En cuanto a Las Reliquias de la Muerte, la mayoría de mis suposiciones anteriores se cumplieron, sobre todo respecto a uno de los personajes, que era bastante central en la solución final del conflicto y que caía de perillas que iba a ser así por los vacíos dejados en el libro anterior, a propósito, claro. El resto hace honor al ingenio de la Rowling, sí, bastante más complejo de lo que muchos suponen. Bueno, no soy tan ingenuo ni tengo tan pocas buenas lecturas en el cuerpo como para suponer que Harry Potter pasará a formar parte de los grandes clásicos infantiles; me parece difícil, aunque eso lo dirá el tiempo. Pero ha tenido su espacio y ha dejado su huella, incluso en adultos como yo, no cayendo en fanatismos ni cegueras estúpidas. Además, se trata de literatura infantil y juvenil, qué tanto. Si se le va a estar haciendo demasiado caso a viejos fósiles literarios como Harold Bloom, por citar un ejemplo, entonces pueden ir enterrando las lecturas ingenuas de la lista de lecturas de sus niños, si acaso a alguien le interesa que sus hijos lean en este país analfabruto, claro. Y no tengo tiempo de explicarles quién es Harold Bloom tampoco, patota de ingnorantes.

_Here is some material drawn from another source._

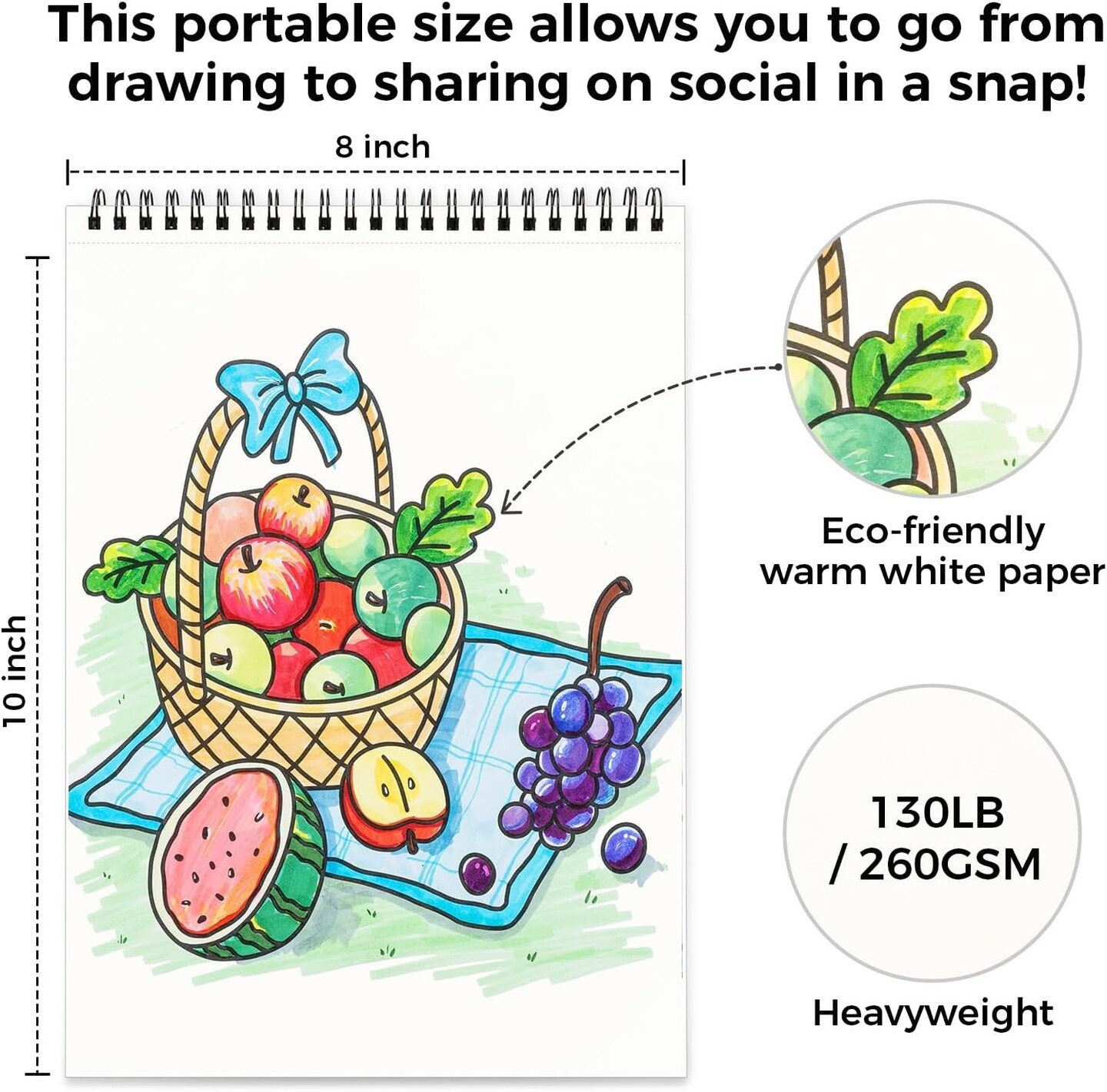 Ohuhu Double-Sided Bleedproof Coloring Book for Alcohol Markers - 8&#x22;x10&#x22; Coloring Books - Stress-Relieving Animal Mandala Flower Dessert Portrait Designs for Adults and Teens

Si quieren mi opinión (y me importa un pepino si me la pidieron o no, total es mi página y si no cambien de canal), a quien le guste disfrutar de estos universos armados de una manera inteligente y bastante aceptable literariramente hablando, pueden comprar el libro, aunque les advierto, hay mejores en la saga. Pero este es el descenlace. A los que buscan una calidad literaria a niveles clásicos, bueno, gasten sus diez lucas en algún buen libro de Andersen y Carroll, o de Marcela Paz, que igual leerse un Papelucho es super cachilupi.
1 comentario:
Aunque no soy lectora de este tipo de textos,m parc interesante los comentarios realizados.Se nota q es una persona que sabe lo que dic y q bien q le importe un pepino lo que piensen los demás.Te apoyo.Sigue con tus comentarios,vale la pena leerlos.